#
Pretty Printing
Question. Given an array of
N
words and a maximum page width, what is the most optimal printing strategy that minimizes the total cost? Assume that any individual word can fit on one line.
words[1...N]: List<string>
- the words we want to print neatly on a page
page_width: int
- the maximum number of characters on a single line
cost: (spaces: int) -> int
- a function that measures how "bad" a line is. The more empty spaces there are, the worse a line is. Let’s use x^3 here, where x is the number of trailing spaces.
We want to find:
List<int>
- a list of line break indices
int
- the total cost after applying the line breaks
Depending on the variant of this question, sometimes the last line is free, which means we don’t calculate the cost of the final line.
Def. Line Break
To avoid weird indexing problems, let’s define a break at index i to mean putting \tt words[i] on a new line.
#
1. Solve the Backtracking Problem
#
1.1 Function Signature & Base Case
To keep track of how many words are remaining, we need an index j
to indicate the last word that we need to place onto the paper. So the function looks like:
PrettyPrint(j: int) -> int
and the initial call will be:
PrettyPrint(N)
There’s only 1 base case here: when there are no words, then there’s no cost, return 0.
PrettyPrint(0) = 0
In this case we are scanning from the last word to the first word, but reversing the scanning order also works. Flip the base case and initial call accordingly.
#
1.2 Line Cost
From the problem inputs, we know that the cost of a line is given by:
function cost(spaces) {
return pow(spaces, 3) // raise to 3rd power
}
Then number of empty spaces is:
num_empty_spaces = page_width - sentence_length
For the length of the sentence, we also need to count the number of spaces between the words.

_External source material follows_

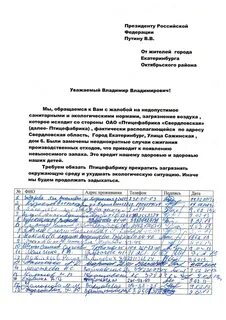 Письмо жителей петербурга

Let’s define a function LineCost(i, j)
.
- i is the index of the first word on this line
- j is the index of the last word on this line
- Both i and j are indices for the \texttt{words} array
\text{LineCost}(i, j) = \begin{cases} \infty&\text{if the words doesn't fit}\\ 0 &\text{if the words fit and $j$ is the last}\\ (\text{num empty spaces})^3 & \text{Otherwise} \end{cases}
This is a bit different from the previous backtracking problems. We are incorporating the find valid choices
step into this cost function by using \infty as 1 of the costs.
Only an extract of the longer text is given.